Patent Document 1 describes how the side parts that cover the periphery of the decorated cake and the decorative parts that are placed on the top of the cake are each made in a separate mold, and then attached to the sponge cake after being removed from the mold. However, it is highly questionable whether parts made of whipped cream that is still frozen can be securely attached to the sponge cake. Even if it were possible to attach them, it would be necessary to remove each part from the mold and attach them to the sponge cake, which would be quite a lot of work.

The present invention was conceived from a different perspective than the invention described in Patent Document 1, and aims to produce confectioneries of various shapes using a cream-based molded body as the main ingredient, and to make it easy to carry out the work required for such production.

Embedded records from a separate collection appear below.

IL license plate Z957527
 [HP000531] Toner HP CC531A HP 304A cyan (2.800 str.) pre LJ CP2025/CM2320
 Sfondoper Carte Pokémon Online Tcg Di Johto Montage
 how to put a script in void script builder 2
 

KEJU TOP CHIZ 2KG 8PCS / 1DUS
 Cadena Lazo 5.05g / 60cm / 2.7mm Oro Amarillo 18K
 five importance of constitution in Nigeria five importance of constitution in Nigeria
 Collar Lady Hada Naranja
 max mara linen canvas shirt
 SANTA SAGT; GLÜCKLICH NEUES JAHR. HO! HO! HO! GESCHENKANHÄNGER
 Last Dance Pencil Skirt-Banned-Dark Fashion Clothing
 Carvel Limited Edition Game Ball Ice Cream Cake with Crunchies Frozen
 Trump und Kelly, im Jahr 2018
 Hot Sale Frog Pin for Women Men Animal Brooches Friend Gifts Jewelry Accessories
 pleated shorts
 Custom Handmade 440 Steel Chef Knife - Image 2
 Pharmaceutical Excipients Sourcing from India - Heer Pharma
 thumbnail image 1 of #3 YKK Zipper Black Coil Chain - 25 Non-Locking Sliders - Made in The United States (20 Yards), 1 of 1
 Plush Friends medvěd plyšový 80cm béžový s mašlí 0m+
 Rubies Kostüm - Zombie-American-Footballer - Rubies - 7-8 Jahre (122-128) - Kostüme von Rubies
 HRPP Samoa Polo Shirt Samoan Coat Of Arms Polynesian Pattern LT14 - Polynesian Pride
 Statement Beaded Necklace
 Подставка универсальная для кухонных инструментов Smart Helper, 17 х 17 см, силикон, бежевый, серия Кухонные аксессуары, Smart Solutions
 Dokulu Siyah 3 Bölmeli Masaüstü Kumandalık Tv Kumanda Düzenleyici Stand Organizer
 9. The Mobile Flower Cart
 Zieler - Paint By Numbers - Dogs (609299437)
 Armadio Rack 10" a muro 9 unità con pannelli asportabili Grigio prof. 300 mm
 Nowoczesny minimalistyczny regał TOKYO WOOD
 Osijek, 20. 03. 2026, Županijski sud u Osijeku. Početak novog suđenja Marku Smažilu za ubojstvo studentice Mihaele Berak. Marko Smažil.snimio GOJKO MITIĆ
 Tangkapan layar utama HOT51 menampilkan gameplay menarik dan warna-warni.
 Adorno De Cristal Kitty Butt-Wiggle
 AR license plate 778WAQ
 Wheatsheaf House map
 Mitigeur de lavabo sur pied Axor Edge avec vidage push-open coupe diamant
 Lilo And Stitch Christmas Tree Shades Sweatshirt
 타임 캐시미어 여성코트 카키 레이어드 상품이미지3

In the present invention, a confectionery mold is used that is formed by connecting multiple cold-resistant and flexible molds, and has a cavity in a shape corresponding to the confectionery to be produced, a wall surrounding the cavity, and an injection port communicating with the cavity. The molds that make up this confectionery mold may all be concave, or may have a configuration that includes concave and convex shapes. There may also be a configuration in which three or more molds are connected together.

In the present invention, the confectionery molds are first separated, and at least one of the molds is filled with a paste-like edible material (such as chocolate, jam, bean paste, etc.) at one or more predetermined locations on the inner surface of the mold. Once this filling is complete, the molds are connected to form the confectionery mold of the above-mentioned form, and a cream-like material having a network structure containing air bubbles and a different color from the edible material is poured into the cavity of the confectionery mold from the filling port, thereby bringing the cream-like material into contact with the edible material previously filled. The confectionery mold after the cream-like material has been poured is then frozen or refrigerated to harden the cream-like material and edible material and bind them together, and the combined body is removed from the confectionery mold. Upon removal, the confectionery is complete.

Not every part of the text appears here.